Democrats also began using the term “Latinx,” which sounds to many Spanish-speakers like illiterate cultural imperialism from elites. Could that and other woke policies have played a role in Mr. Trump winning 46% of the Hispanic vote and 55% of Latino men, according to the exit polls?
• Regulatory coercion. In pursuit of their climate obsessions, Democrats pushed coercive mandates, including an EPA rule effectively saying that by 2032 only 30% of new car sales can be gas-powered models. The EV mandate caused layoffs among auto workers in Michigan that Mr. Trump attacked in TV ads and on the stump.
• Lawfare. Democrats used Mr. Trump’s divisiveness to escalate against him at every turn. After calling him a Russian stooge and impeaching him twice, Mr. Biden labeled him a “fascist” and Democrats tried to bar him from the ballot.
They criminally indicted Mr. Trump—four times—and targeted his family business with a civil suit. They convicted him in New York, under an elected Democratic prosecutor who stretched the law to turn misdemeanors into felonies, in a case that wouldn’t have been brought against another businessman.
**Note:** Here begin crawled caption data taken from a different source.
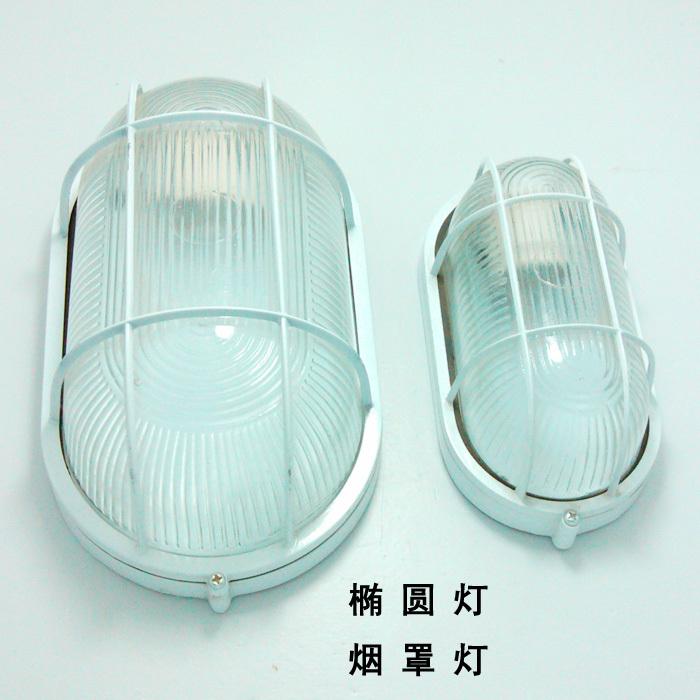 餐飲廚房設(shè)計標(biāo)準(zhǔn)及注意事項(xiàng)-煙罩內(nèi)部燈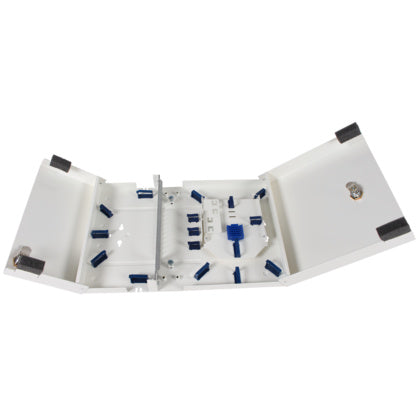 ÖVERLÄMNINGSPUNKT KÖP BOX (Rexel)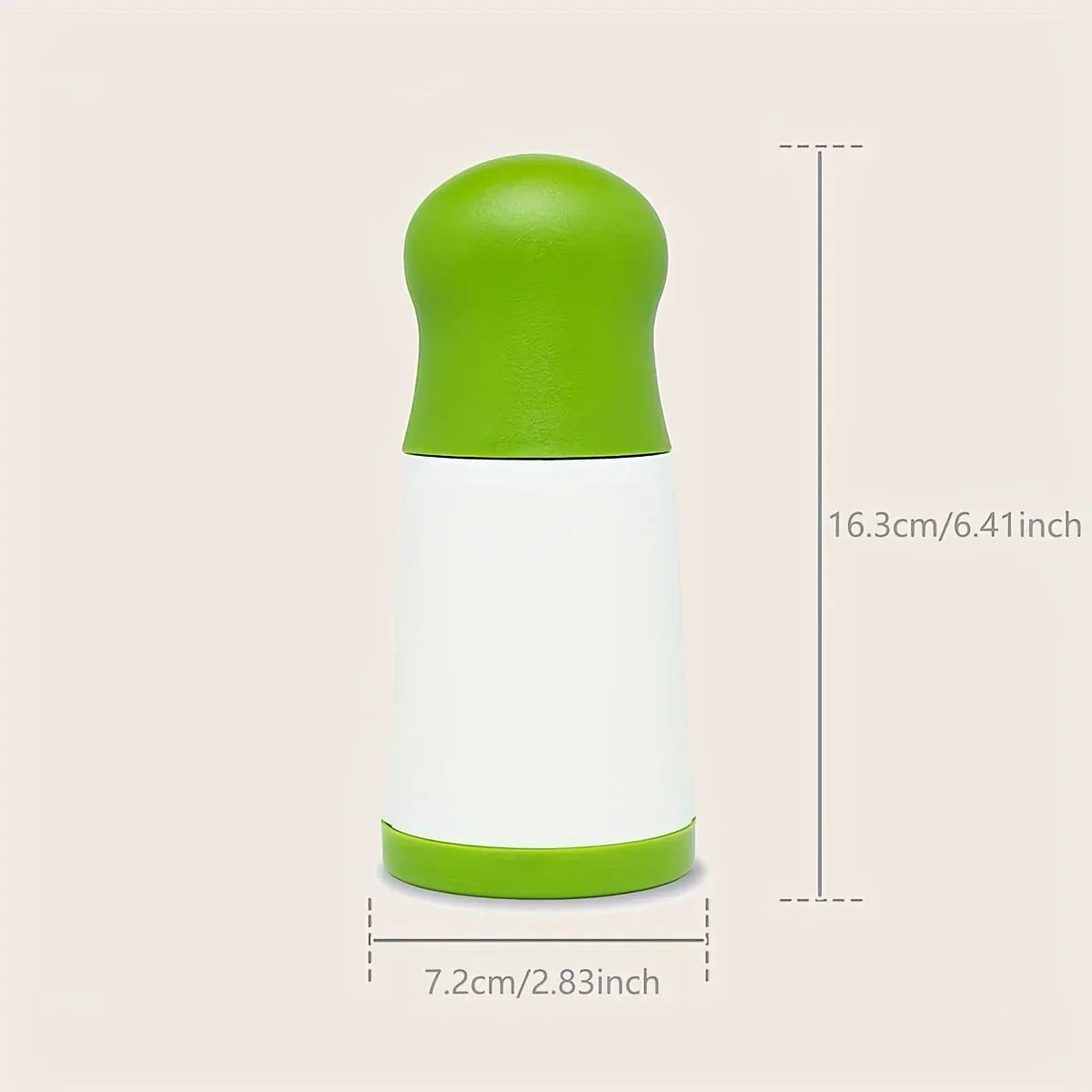 Sharp Stainless Steel Manual Herb & Vegetable Chopper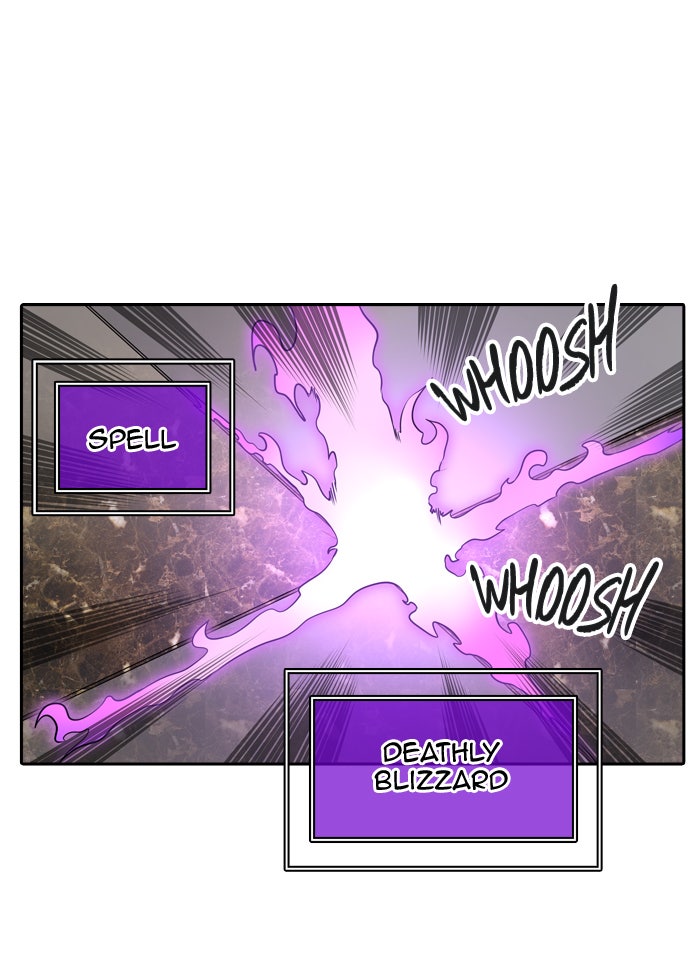 Tower of God Manga Chapter 402 page 37 - [Season 2] Ep. 322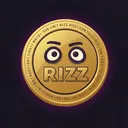 PureUncutRizzCoin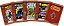 Jogo Marvel Comic Hunters - Copag - Imagem 3
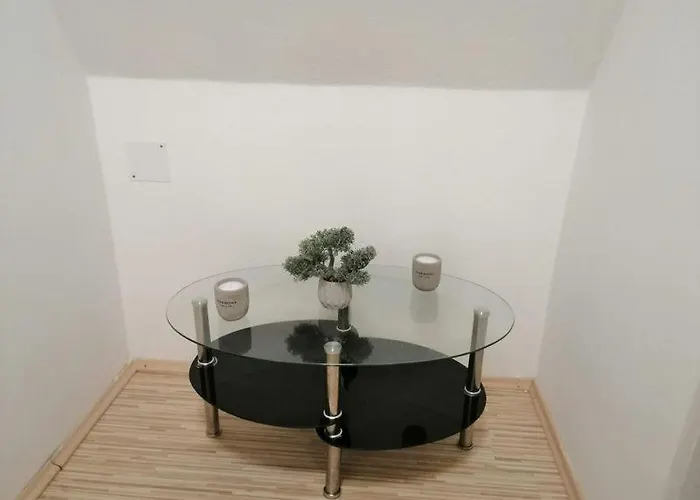 Bei Schloss Apartment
The strategy turned Mr. Trump into a martyr to GOP voters and cemented his support in the Republican primaries.
• Breaking democratic norms. Democrats decided to use taxes from plumbers and welders to forgive college loans for lawyers and grad students in grievance studies. When the Supreme Court struck Mr. Biden’s effort down as an abuse of power, he tried again and taunted the Court to stop him.
Democrats tried to override the Senate filibuster to seize control of the nation’s voting laws and impose practices such as ballot harvesting, as Mr. Biden raged that his opponents were creating “Jim Crow 2.0.”
They tried to override the filibuster to pass a national abortion law that would go beyond Roe v. Wade. They promised to override the filibuster in 2025 to bulldoze the High Court. They ran Joe Manchin and Kyrsten Sinema out of the party for disagreeing.
All of this and other progressive preoccupations caused Democrats to lose sight of the larger public interest. They came to believe, backed by the mainstream press, that voters would tolerate it all because Mr. Trump was simply unacceptable.
This opened the door for Mr. Trump to remind voters that they were better off under his policies four years earlier. Mr. Trump won more than 72 million ballots. He improved his standing with minority voters. He gained votes even in Democratic states.
Voters were telling Democrats on Tuesday that the party has wandered into ideological fever swamps where most Americans don’t want to go. Winning those voters again will require more than firing back up the anti-Trump “resistance.”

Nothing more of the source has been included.